Tenn R. App. P. 3 Appeal as of Right; Judgment of the Circuit Court Affirmed
CAMILLE R. MCMULLEN, J., delivered the opinion of the court, in which KYLE A. HIXSON, and STEVEN W. SWORD, JJ., joined.
J. Colin Morris, Jackson, Tennessee, for the appellant, David Patrick Lauderdale.
Jonathan Skrmetti, Attorney General and Reporter; Ryan W. Davis, Assistant Attorney General; Jody Pickens, District Attorney General; and Bradley F. Champine, Assistant District Attorney General, for the appellee, State of Tennessee.
OPINION
The facts giving rise to this case stem from the Defendant’s assault of the victim, his then-girlfriend, Teresa Primm, at a laundromat on April 29, 2021. As the victim spoke to the 911 operator, the Defendant grabbed the victim’s cell phone from her, ended the 911 call, and exited the laundromat with the victim’s cell phone. Upon arrival at the scene, an officer attempted to detain the Defendant, and he refused to comply with the officer’s commands, fled on foot, and got into a nearby car. The officer followed the Defendant to the car, physically grabbed the Defendant as he entered the open driver’s side door and a struggle ensued. The Defendant placed the car in reverse and accelerated while the officer was caught by the driver’s side door. The officer was dragged by the car several feet and his body separated from the Defendant’s car only when the Defendant’s car struck another car in the parking lot. The officer suffered severe injuries based on his interaction with the Defendant. The events inside and outside the laundromat and the subsequent pursuit of the Defendant were recorded by laundromat video surveillance and the officers’ body camera. For his conduct, on November 1, 2021, a Madison County Grand Jury indicted the Defendant on the following offenses: domestic assault, interference with an emergency call, robbery, resisting arrest, felony evading arrest in a vehicle, attempted second degree murder, aggravated assault, leaving the scene of an accident, violating the financial responsibility law, driving with a canceled, suspended, or revoked license, driving with a canceled, suspended, or revoked license while being a prior offender, and attempted carjacking. Prior to trial, the Defendant entered a guilty plea to driving on a revoked license while being a prior offender. Following trial, the Defendant was convicted of several offenses, including robbery, for which he received an effective sentence of forty-four years. The Defendant does not contest any of his convictions other than his robbery conviction, and he contends the evidence is insufficient because he did not intend to permanently deprive the victim of her cell phone. Accordingly, we will confine our recitation of facts to those relevant to the robbery conviction.
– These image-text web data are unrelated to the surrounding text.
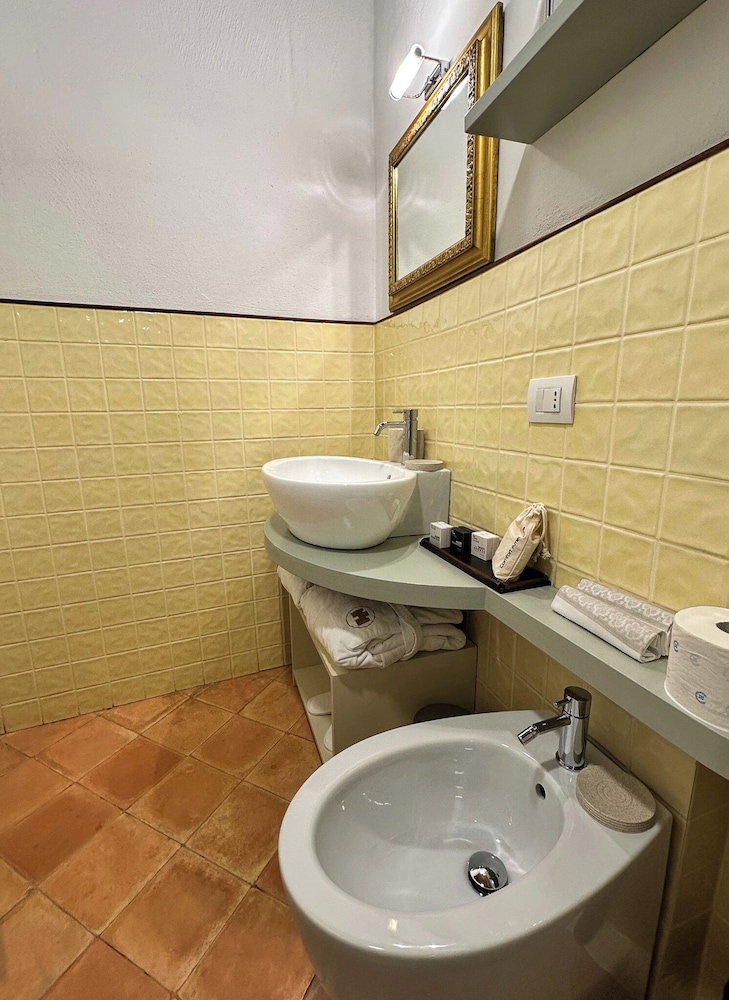 جناح كومفورت بسريرين كوين، Castello di Postignano Relais 3/3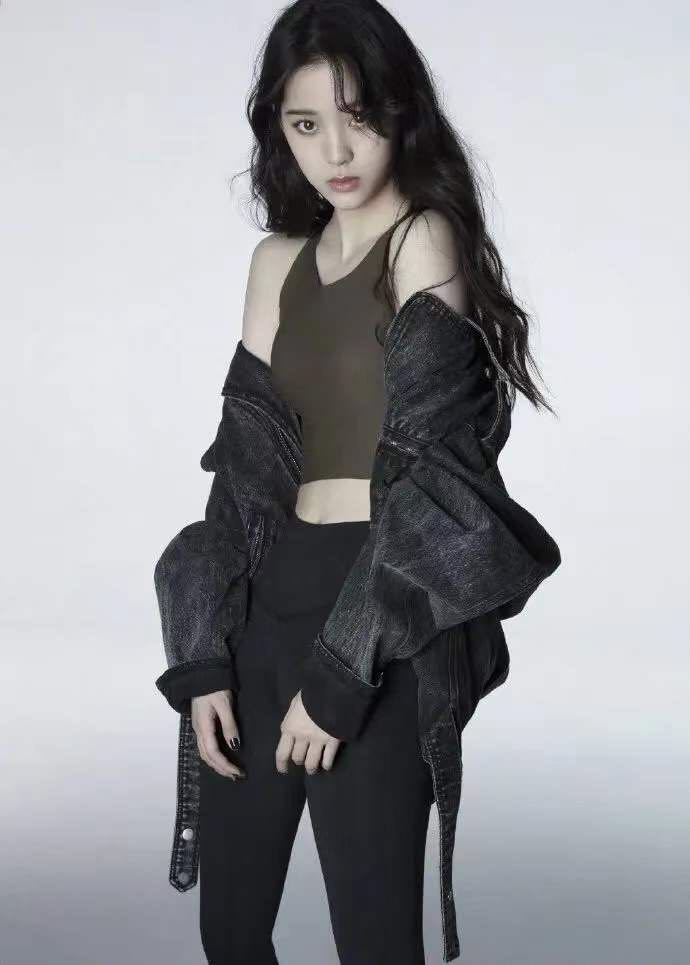 泫雅和男友拍内衣广告,欧阳娜娜泫雅绿色吊带衣跳舞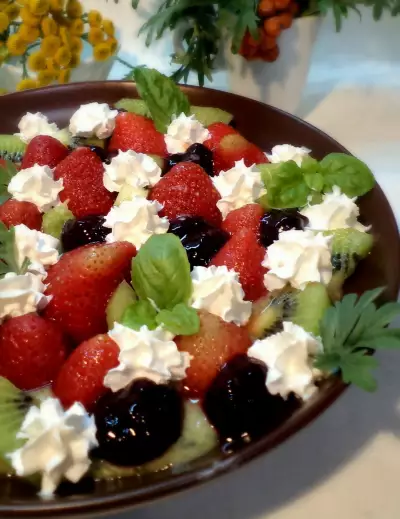 Легкий десерт с фруктами, ягодами, сливками и конфитюром  darbo!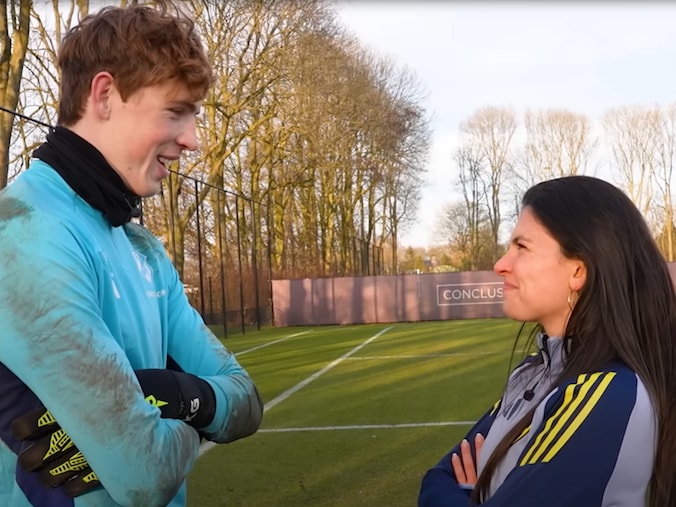 YouTube-ster Céline Dept daagt ‘langste keeper ter wereld’ van FC ...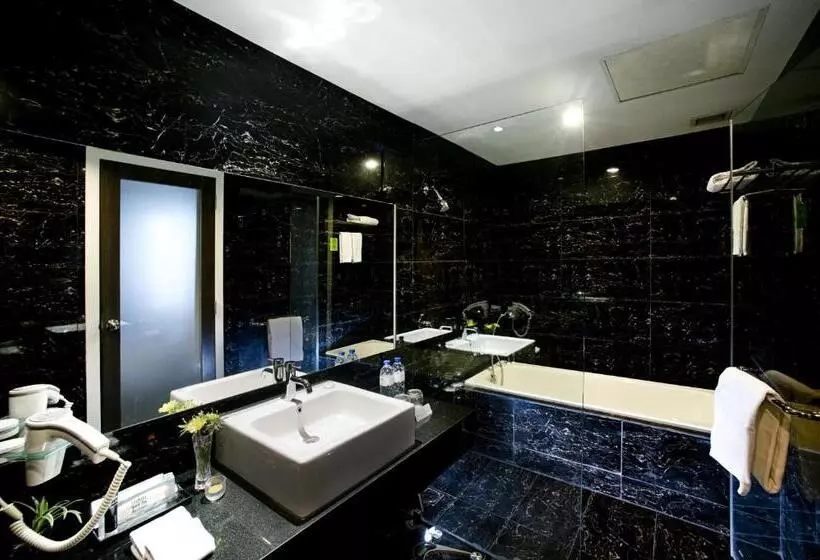 酒店 Grand Zuri Cikarang Jababeka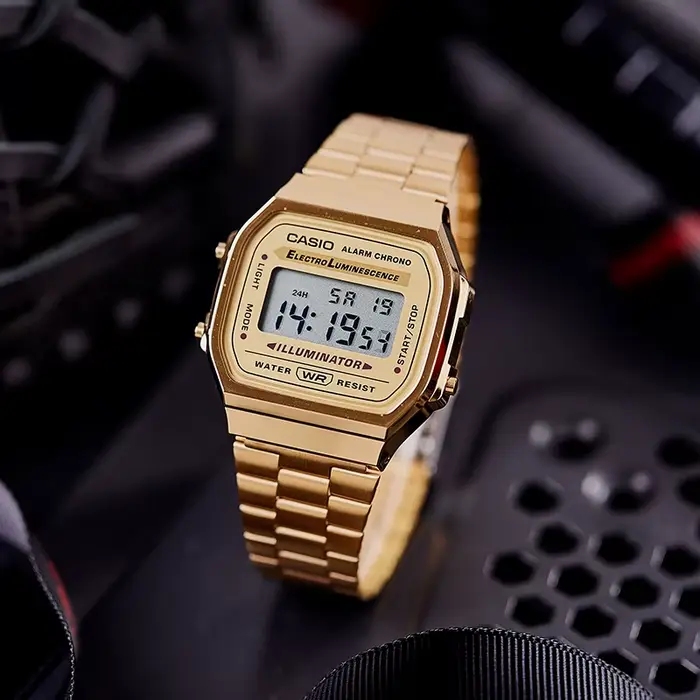 Montre numérique à quartz étanche pour hommes et femmes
Teresa Primm, the Defendant’s then-girlfriend and the victim, testified that, on April 29, 2021, she and the Defendant visited a local laundromat. The victim stated that she and the Defendant put their clothes in the washing machine, then went to get pizza from a nearby restaurant. When they returned to the laundromat, they put their clothes in the dryer and waited in her car for the clothes to finish. The victim stated that the Defendant was not acting like himself that day and it irritated her. While waiting in the car for the clothes to finish drying, the victim confronted the Defendant about his attitude and suggested that she would purchase him a bus ticket back to his home in Nashville. The victim stated that the Defendant became upset, grabbed her by her hair, said that “[they] need[ed] to go,” and forced her into the laundromat to get the clothes. While in the laundromat, the Defendant shoved her to the ground and later attempted to drag her. He then grabbed the clothes that had been in one of the dryers and went back to the car. The victim called 911 and reported that the Defendant had hit her and left the building. During the 911 call, the Defendant came back inside the laundromat, pushed the victim into a chair, and slammed her head against a window before pulling her to the floor. He then took the victim’s cell phone from her, ended the 911 call, and exited the laundromat with the cell phone. The victim said that she did not give the Defendant permission to take her cell phone and that she did not know where the cell phone was after the Defendant took it from her. The victim stated that throughout this whole incident, she was afraid, and the Defendant had hurt her.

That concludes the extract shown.